Collected material:
........

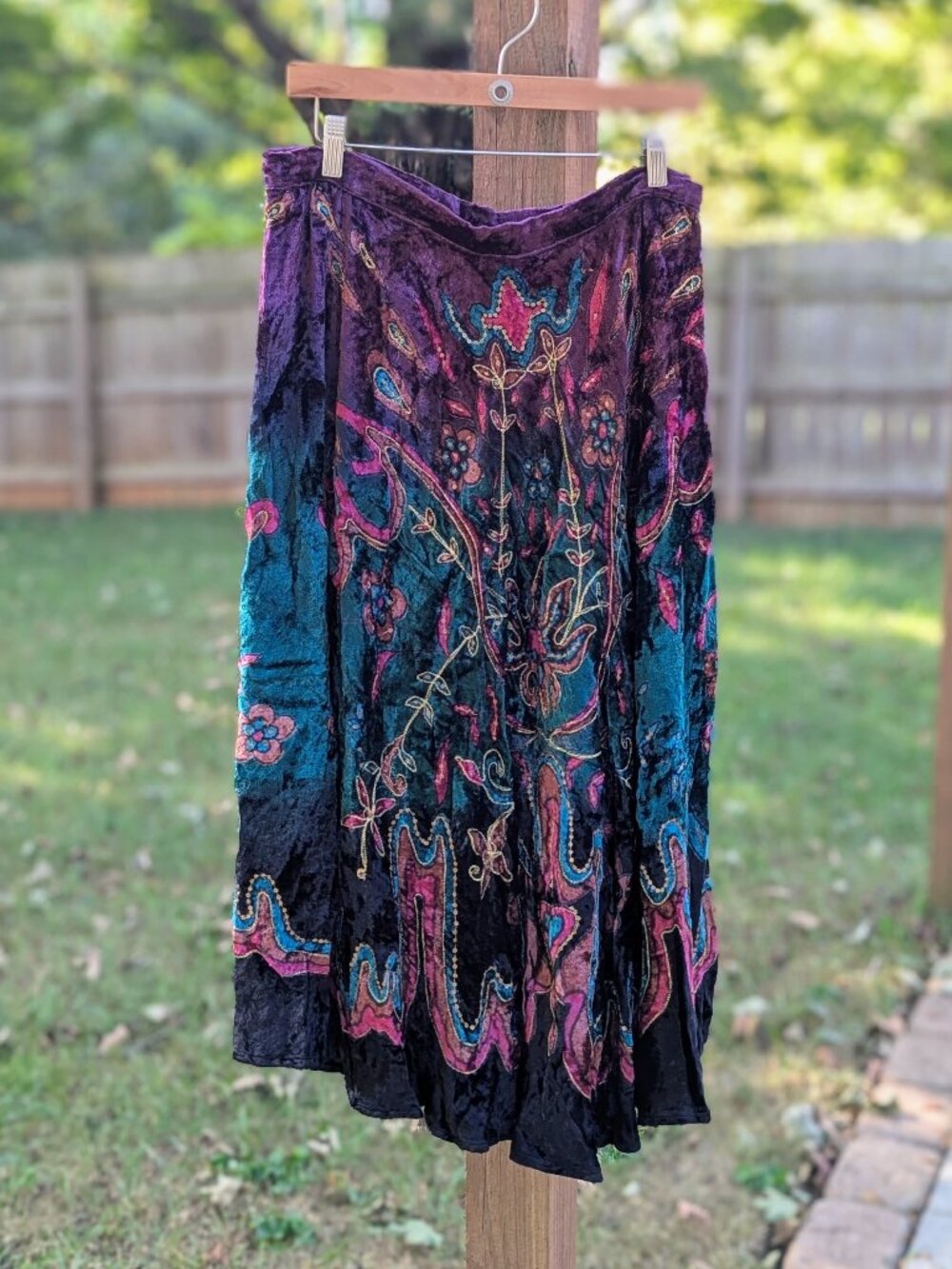 Requirements Vintage Crushed Velvet Asymmetrical Skirt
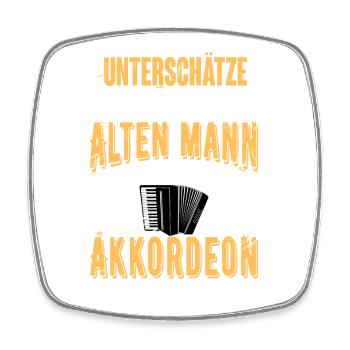 Akkordeon - Viereckiger Kühlschrankmagnet - Weiß - Vorne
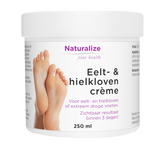 Naturalize Eelt- & hielklovencrème, witte pot met afbeelding voetjes, crème voor droge voeten verzorging.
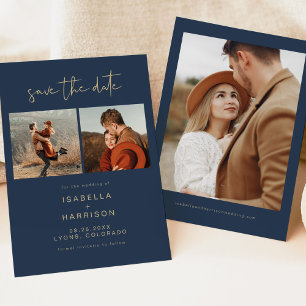 CAITLIN Navy and Gold Photo Save the Date  Invitation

........

Work order: Output the data above verbatim, pictures excluded.

Written reply:
 Requirements Vintage Crushed Velvet Asymmetrical Skirt
 Akkordeon - Viereckiger Kühlschrankmagnet - Weiß - Vorne
 Naturalize Eelt- & hielklovencrème, witte pot met afbeelding voetjes, crème voor droge voeten verzorging.
 CAITLIN Navy and Gold Photo Save the Date  Invitation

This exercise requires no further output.